The Planning Process, Generally Speaking
Generally speaking, the process of planning for a business’ future is all about setting the direction for the enterprise with the best knowledge and inputs available today. The planning process is not only about forecasting the future, it is also about gaining focus and consensus amongst the team that assists the owner. Done properly and consistently, the planning process for a business provides direction, communication, alignment of resources, and a plan for executing on the initiatives set forth in the plan.
The Six and Twelve Month Plans
While the planning process is about looking into the future, it is a matter of how far into the future any owner can see that is the greatest challenge. While the visibility of a business’ future is often difficult to see beyond the immediate 24 to 36 months, it is important to look beyond these more obvious planning dates when planning an exit. For example, an owner may be accustomed to hold planning meetings for the next three (3) to six (6) months for their business. At a tactical level, this three (3) to six (6) month plan provides immediate direction to the managers and allows the momentum to carry forward with the businesses’ current initiatives.
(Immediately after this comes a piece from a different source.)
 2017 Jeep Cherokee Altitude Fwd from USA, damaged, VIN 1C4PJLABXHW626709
From time to time the planning process will complete a vision for the entire next year (i.e. 12 months). For companies and owners who conduct annual business planning sessions, they usually occur in the fall or winter seasons, prior to the expiration of the existing calendar year. The planning process is usually started with a projection or a goal for desired revenues for the next year. This target goal is often agreed to by the management team and, once set, the ‘process goals’ are discussed and agreed upon to focus the team.
The Five (5) Year Planning Process
A smaller number of business owners will meet with their teams and engage in multi-year planning processes, up to a five (5) year plan. Being able to look as far as five (5) years into the future fundamentally changes the nature of relationships between owners, their businesses and the management team. By creatively thinking through what the business will look like in five (5) years is not only a challenging exercise but also a rewarding one because it forces the team to think creatively about the possible future vision for the business.
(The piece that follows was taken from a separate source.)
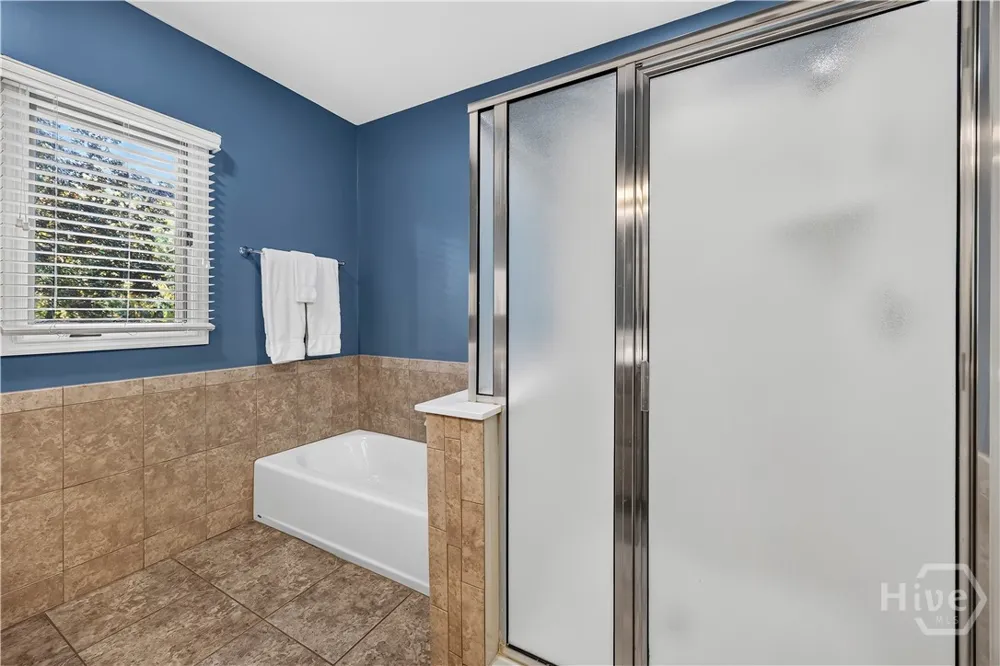 55 Barcelona Road #242C Hilton Head Island, SC 29928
How Business Exit Planning Extends the Planning Horizon
One of the most challenging forms of planning is for an owner’s ultimate departure from the business’ day-to-day involvement. Not only does an owner need to look further into the future than ever before, but because this is such a personal decision, these owners are often times doing so without the input of their supporting management teams. An owner is taking on a large challenge when they can incorporate this much of their future into their current plans because business exit planning is, at some level, the ultimate form of planning for most privately-held businesses.
The point behind this newsletter is to have you ask yourself how far into the future you are able to see. Because the more ‘future’ that can be incorporated into this type of planning, the more successful the overall planning process is likely to be and the better you will be at seeing your business pass on to the next owner successfully.
What to do if Your Vision Cannot See Beyond the Short Term
So looking into the future is a challenging, but rewarding exercise. And it is helpful to know that owners often are aided by the counsel of others in this complex and personal process. Professional and experienced advisors who focus on exit/ transition / succession planning can be very helpful to moving an owner into a position where they are including more of the future into their overall planning.
Running and growing a business is tough work and the balance between addressing current pressures while also addressing the future needs to be balanced carefully. I hope that this newsletter has helped you ask how much of the future you are incorporating into your planning and that you can see some of the limitations of not looking further into the future.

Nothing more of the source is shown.